Today marks the end of our first decade together. 10 years ago we set out on a snowy morning towards a church in Hove. Family and friends waited in the freezing cold to watch us say/cry to each other that this was it. The end of two separate stories. The start of another story together.
All the way through our very short engagement I had the image in my mind of us in a waiting room, one side made up of glass. Through that glass we could see out across a new world, hills, valleys, forests, mountains, rivers and lakes stretched out before us. The room had two doors. One back to the world we had come from and one forward into this new one. The forward door had a time lock on it counting down to December 19th 2009.
On that day 10 years ago we made big promises to each other as we opened the door to the future. For better or worse. Richer or poorer. In sickness and in health we would love and be for each other. We gave ourselves to each other. All that we have. For the other. We stepped through the door and entered this new land.
And what a land it has been. Full of wonder, sunlight streaming down, full of laughing, hoping and dreaming as we’ve walked through it together. And full of raging storms, endless fog, trudging weary moments. Full of waiting for each other when it got too hard, full of being joined by two small companions in the journey.
The land feels deeper and more real the more we have meandered through it together. The more we explore, the more we see how big it is. The more we journey together the more we see the depths and richness of each other.
I love this companion of mine. I am in awe of how we were joined together all those years ago. I am amazed that out of situations of lack and little hope that his hand found its way into mine. I am so deeply grateful for the ways journeying with him has changed me. I love his influence on my life, the ways he cares and encourages me to flourish.
I love his generous caring heart. I love his bouncy brain which loves new things and I love his deep need for routine and the safety of home. I love the complexity which makes him him. I love the way he helps make us more than the sum of just one plus one. I love his ridiculous sense of humour. I love his warmth, his optimism and his beautiful face.
I love that we are working on this life together. I love being team with him and I’m still in for winning the fight to be for each other. I feel like I’ve benefitted enormously from his energy in helping me own my voice, be more who I am each day and honouring me for who I am. I hope I do some of the same for him.
I love that our Maker brought us together, I have no other explanation for the bizarre way we met and the ways love was born. I love, and know, that our Maker has helped us love and hold on to each other in the ups and downs of these years.
I could say more but this is probably enough for you to get the idea that I’m very grateful for the last decade of our lives together and immensely glad of the next one ahead of us.
I’ll leave you with a somewhat left field choice of song to sum up my feelings at the moment. Teo Torriatte by Queen. It’s a song I’ve been replaying over and over again this year. It’s last chorus pretty much sums up all I feel.
“Let us cling together as the years go by, oh my love my love, in the quiet of the night, let our candle always burn, let us never lose the lessons we have learnt”.

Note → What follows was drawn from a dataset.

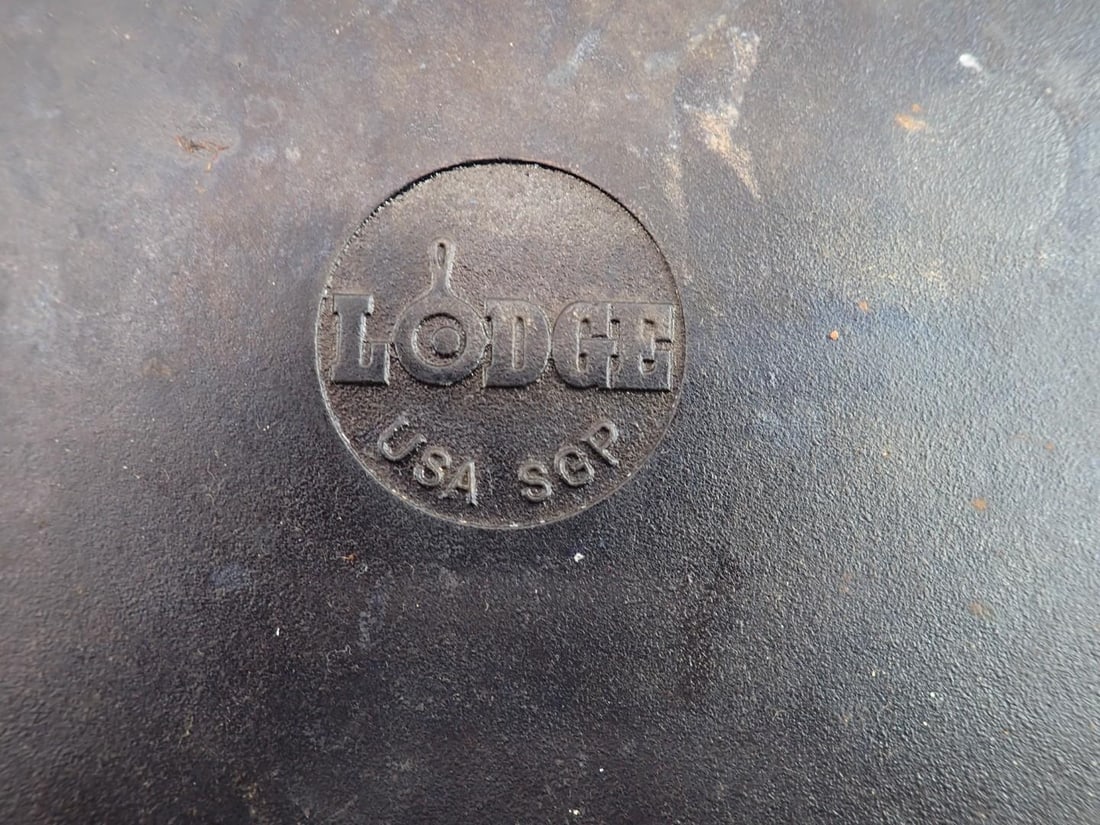 (3) Cast Iron Articles - 4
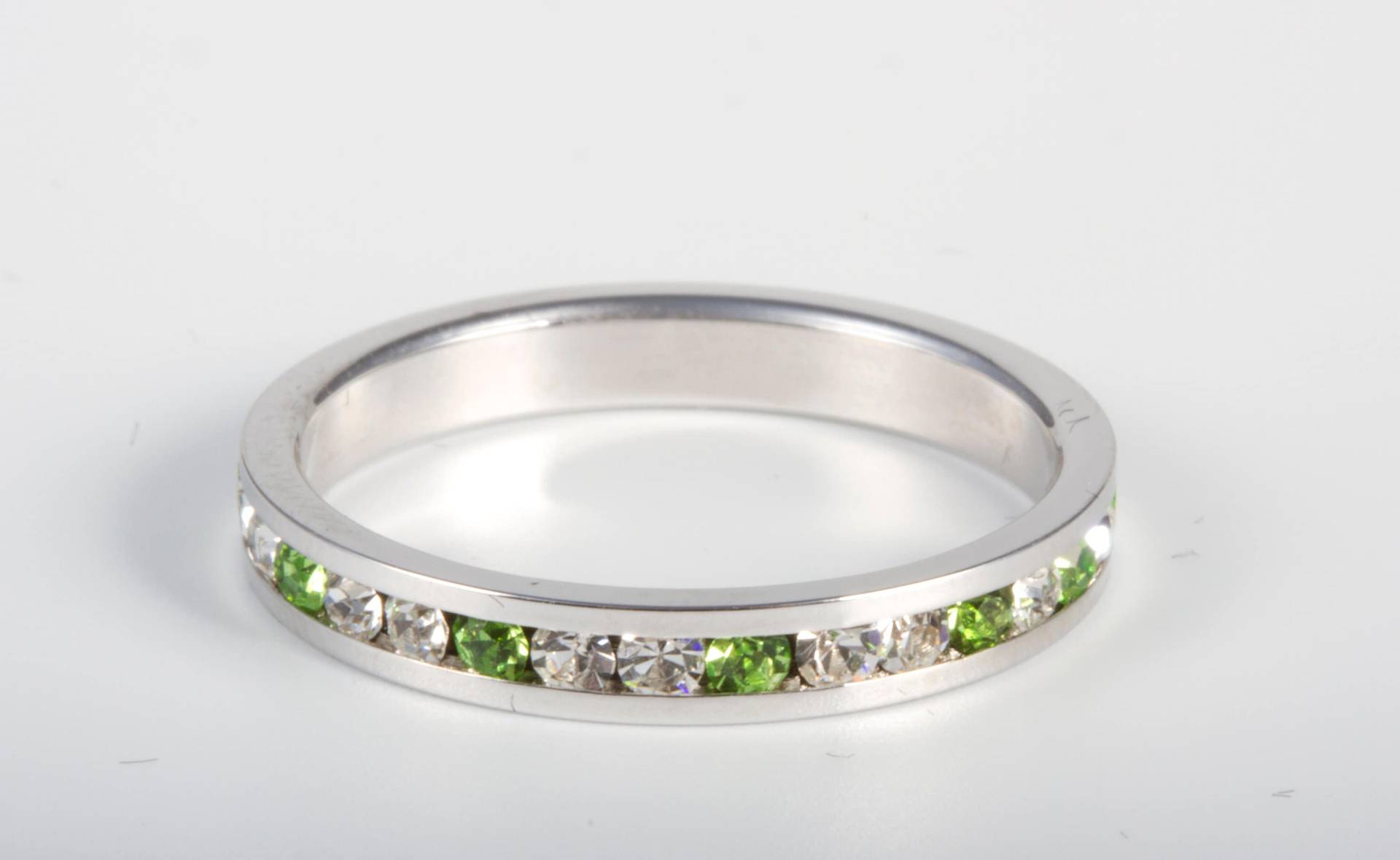 Chrysolit Hellgrün & Klar Swarovski Kristall Eternity Ring in Sterling Silber - Stapelring Trauring Handgemachter Verlobungsring Chrysolit Hellgrün & Klar Swarovski Kristall Eternity Ring in Sterling Silber - Stapelring Trauring Handgemachter Verlobungsring von TraditionsJewelryCo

Lots of the last few years have felt like clinging on in the quiet of the night and I think we are better for it. This song also has big wondrous loud choruses which express that the clinging sung about is full of joy and gladness. I too am full of joy and gladness because of the last 10 years of being married to my favourite and best. So raise your glasses to the lovely husbandface and here’s to the next 10 years.
Full disclosure: We also irritate each other, get grumpy, still have no idea how to manage or indeed have conflict and could do with many lessons on how to communicate. But he’s mine and I’m his and onward we go.